### The data
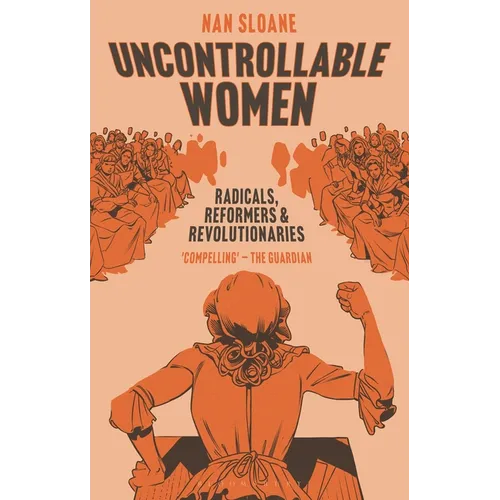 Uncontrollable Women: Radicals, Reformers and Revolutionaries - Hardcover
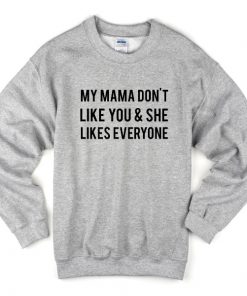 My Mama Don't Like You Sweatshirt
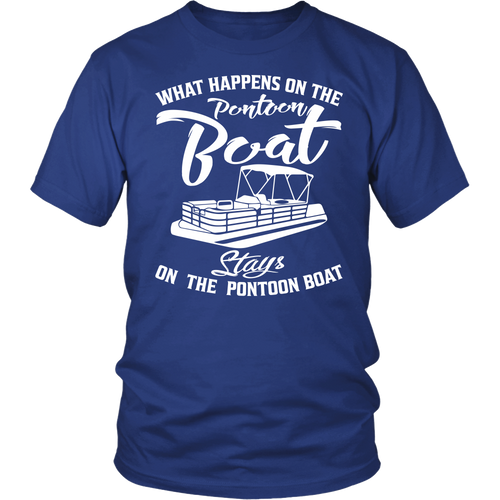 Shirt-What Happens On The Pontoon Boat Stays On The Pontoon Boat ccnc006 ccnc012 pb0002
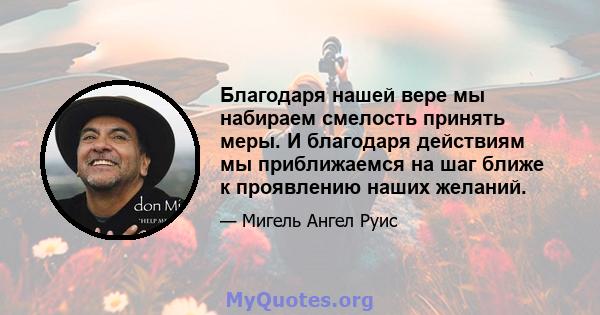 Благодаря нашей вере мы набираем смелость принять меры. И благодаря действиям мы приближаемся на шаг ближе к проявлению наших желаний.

### What you are asked to do
Retype each line above precisely, please. Skip anything that is a picture.

### Answer below
 Uncontrollable Women: Radicals, Reformers and Revolutionaries - Hardcover
 My Mama Don't Like You Sweatshirt
 Shirt-What Happens On The Pontoon Boat Stays On The Pontoon Boat ccnc006 ccnc012 pb0002
 Благодаря нашей вере мы набираем смелость принять меры. И благодаря действиям мы приближаемся на шаг ближе к проявлению наших желаний.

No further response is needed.